Auricolari e kit vivavoce possono salvarci da incidenti e multe sempre più salate

In aumento i sinistri dovuti alla distrazione da smartphone ed i dati sull’incidenza dell’utilizzo del cellulare sullo sviluppo dei tumori

Francesco Roselli Smartphone, che passione!
Corato - giovedì 05 aprile 2018
Kit vivavoce
Kit vivavoce © n.c.

Sulla base di alcuni recenti studi, l’Organizzazione Mondiale della Sanità e altre istituzioni hanno dichiarato che l’uso del cellulare per almeno 10 anni, e per più di 30 minuti al giorno senza auricolare può aumentare in modo significativo l’incidenza di tumore al cervello. Non possiamo più dire che si tratti di una tecnologia assolutamente innocua, come per anni ci hanno raccontato.

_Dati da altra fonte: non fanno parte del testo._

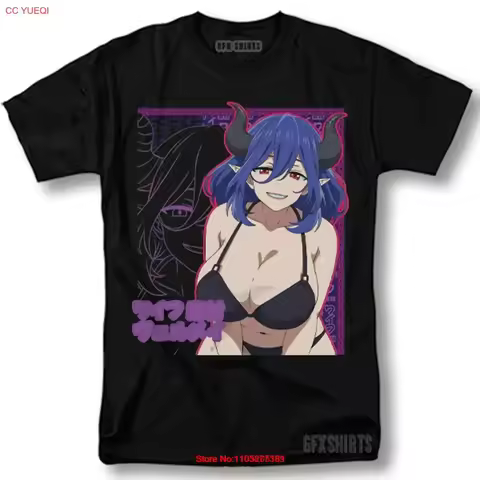 Vermeil In Gold T Shirt Anime Manga Hentai Waifu Cosplay vintage Washed Stylish Versatile graphic ho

Il pericolo quando parliamo di cellulari, non deriva solo dall’esposizione eccessiva alle onde elettromagnetiche, ma anche dall’utilizzo sconsiderato durante la guida. I dati sugli incidenti stradali provocati dalla distrazione in auto, causata dall’utilizzo selvaggio delle app di messaggistica e delle chiamate vocali, sono allarmanti. La maggior parte dei sinistri nascono, infatti, dalla distrazione per l’uso di smartphone e cellulari, ormai più pericolosa dell’eccesso di velocità e della guida in stato di ubriachezza.

Abbiamo intervistato in merito Francesco Roselli, esperto di telefonia e titolare dello store SimFonia in viale 4 Novembre a Corato.

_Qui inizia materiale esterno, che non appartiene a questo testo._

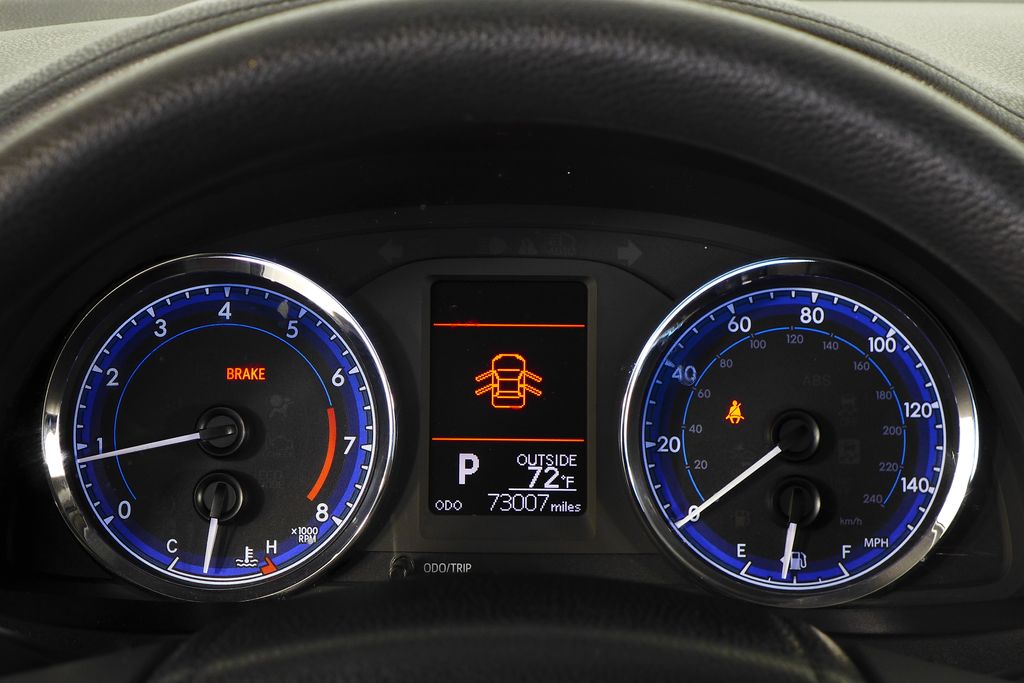 Thumbnail: 2018 Toyota Corolla - 27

Come comportarsi al volante quando abbiamo la necessità di effettuare una chiamata?

«Usare un kit vivavoce in auto non è solo comodo, è anche un mezzo per comunicare in sicurezza e nel rispetto delle leggi vigenti ». Dice il titolare.

«La legge parla chiaro in merito alla questione: non si usa il telefono mentre si è alla guida del proprio veicolo, è pericoloso ed è fonte di distrazione, che, talvolta, può rivelarsi fatale. Per il 2017 il Codice della strada è stato rinnovato; ci saranno misure più ferree per chi non rispetta le disposizioni normative, deterrente finalizzato a ridurre il numero dei sinistri, invitando gli automobilisti ad una guida più sicura.

Vi sarà, pertanto, un inasprimento della pena per chi utilizza il cellulare alla guida: ritiro della patente dai 15 giorni fino a 2 mesi con una multa dai 161 euro a 646 euro e meno 5 punti dalla patente, mentre nei casi di incidente il sequestro dello smartphone.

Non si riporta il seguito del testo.